How grep count, with conditions - linux

I have log file with this strings
2022-08-13 19:15:17.170 INFO 550034 --- [ scheduling-3] org.hibernate.SQL_SLOW : SlowQuery: 11387 milliseconds. SQL:
I need grep command to count slowQuery for last hour with time more than 10000 ms
I've try
grep "SQL_SLOW" app.log | wc -l
but i can't add two conditions:
time (first 19 symbols) must be between current time minus one hour
time for query must be more than 10000 ms (in example it 11387 ms)
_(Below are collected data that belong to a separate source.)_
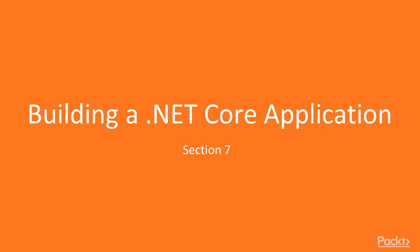Hello everyone, welcome to section 7, creating the .NET Core application. In this section, we will guide you how to create your first .NET Core application.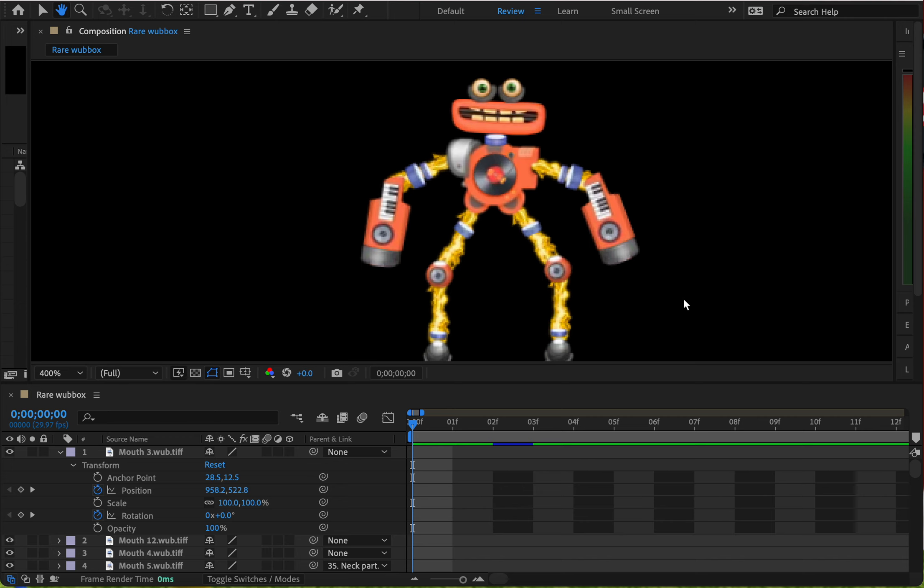Alright, hello. This is my tutorial on how to animate in Adobe After Effects.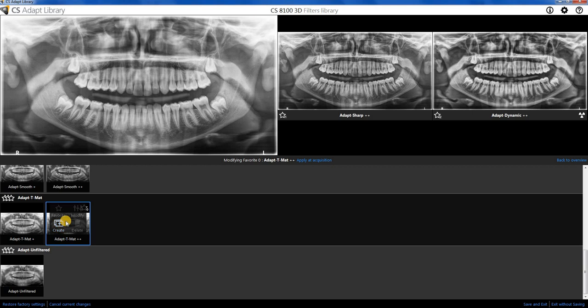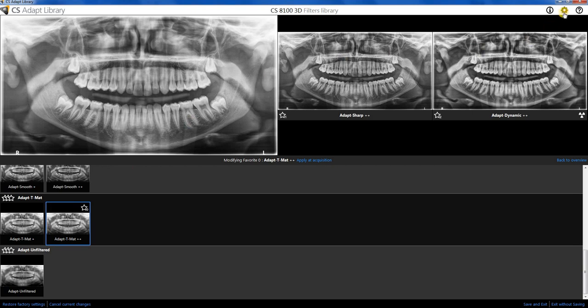We can also further customize those if we want to. We won't go over that today, but if you'd like to play around with it, you're welcome to do that.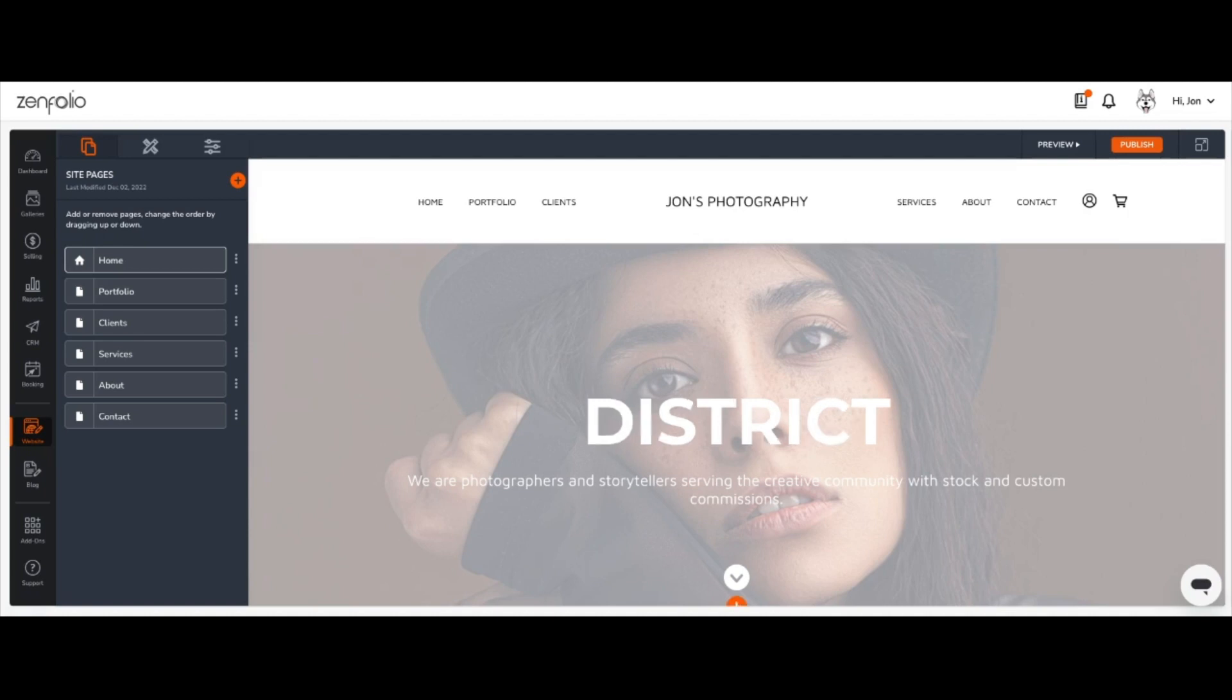To delete the page, simply locate the page that you would like to remove in your site pages stack on the left, and click the three vertical dots to the right of it to get started.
grep is the wrong tool for the job; trying to get the date and time conditions to match via RE is just wrong.
How about awk?
echo '2022-08-13 19:15:17.170 INFO 550034 --- [ scheduling-3] org.hibernate.SQL_SLOW : SlowQuery: 11387 milliseconds. SQL:' \
| awk -v now=$(date "+%s") '
/SlowQuery:/ {
tmp = "\" " $1 " " $2 "\""
cmd = "date -d " tmp " +%s"
cmd | getline ts
t = gensub(/.*SlowQuery: ([0-9]+) milliseconds.*/, "\\1", "g", $0)
if (now - ts < 3600 && t > 10000) {
print $0
}
}
Brief explanation: first we capture the current time in seconds since epoch.
Then we convert the timestamp for each line of the log containing /SlowQuery:/ to seconds since epoch tmp="\x22 "$1" "$2"\x22";cmd="date -d " tmp " +%s";cmd|getline ts and store it in the variable ts.
We extract the time taken t=gensub(/.*SlowQuery: ([0-9]+) milliseconds.*/, "\\1", "g") and store it in t.
The last step is to check if less than an hour has passed and the query was slower than 10000 ms if(ts-now<3600 && t>10000){print $0}. If both is true, print the line.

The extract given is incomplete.